ASSIGNMENT »
Set down every line from the one containing "Don't Touch My" through the last line of the records below, exactly as written, and leave out the pictures.

Image-caption web data »

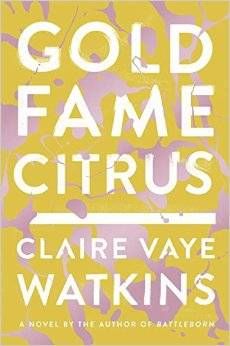 Cover of Gold Fame Citrus by Claire Vaye Watkins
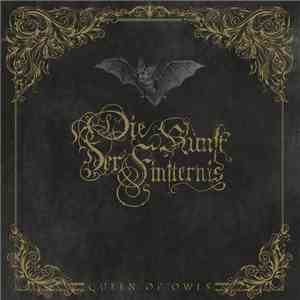 Die Kunst der Finsternis - Queen Of Owls mp3 album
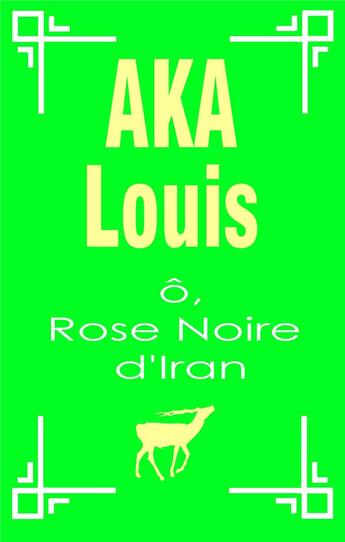 Couverture du livre « Ô, rose noire d'Iran » de Louis Aka aux éditions Books On Demand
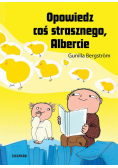 Opowiedz coś strasznego, Albercie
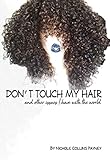 Don't Touch My Hair: and other issues I have with the world by Nichole Collins Payney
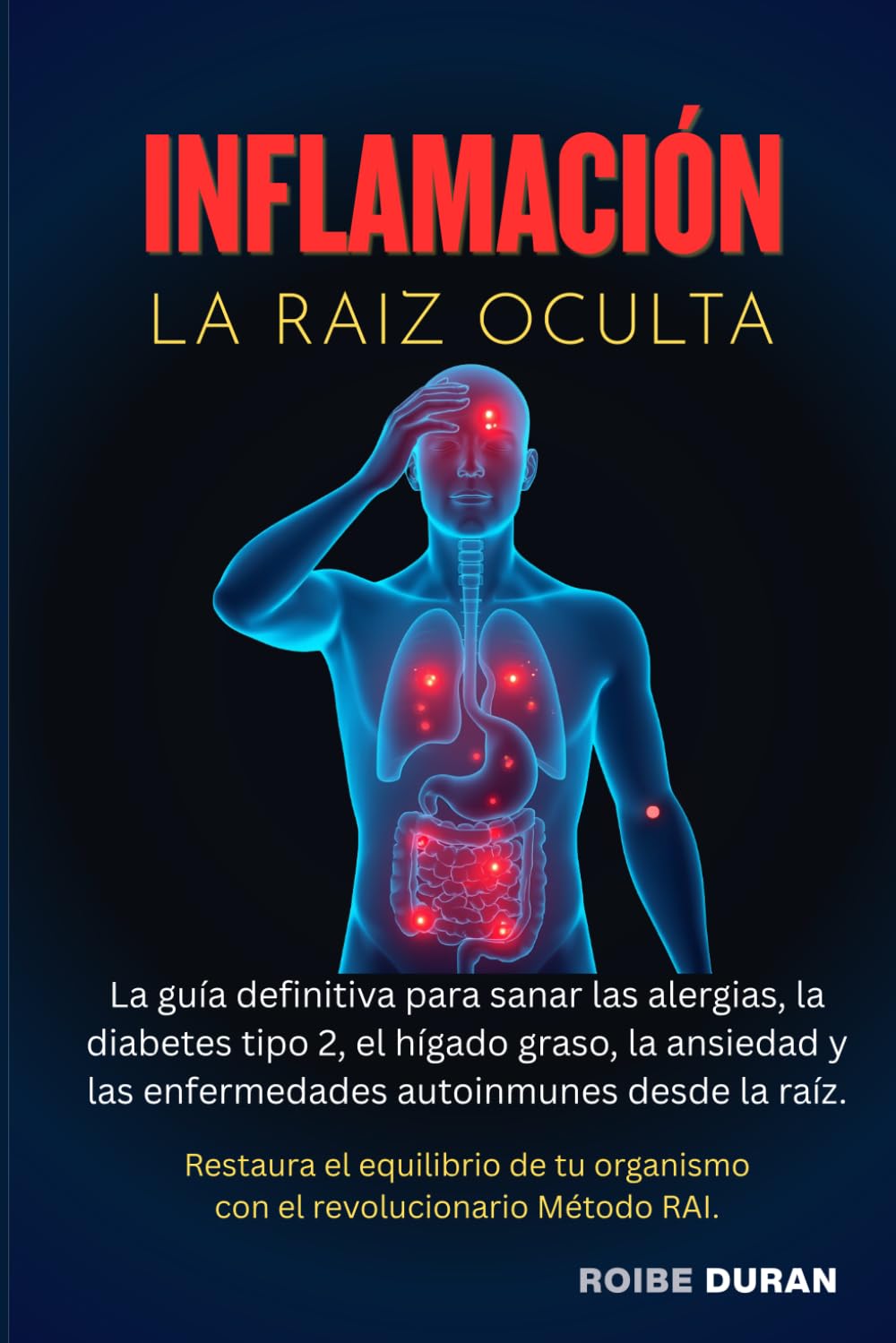 INFLAMACIÓN: LA RAÍZ OCULTA: La guía definitiva para sanar las alergias, la diabetes tipo 2, el hígado graso, la ansiedad, el asma, las enfermedades autoinmunes desde la raíz.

RESPONSE »
 Don't Touch My Hair: and other issues I have with the world by Nichole Collins Payney
 INFLAMACIÓN: LA RAÍZ OCULTA: La guía definitiva para sanar las alergias, la diabetes tipo 2, el hígado graso, la ansiedad, el asma, las enfermedades autoinmunes desde la raíz.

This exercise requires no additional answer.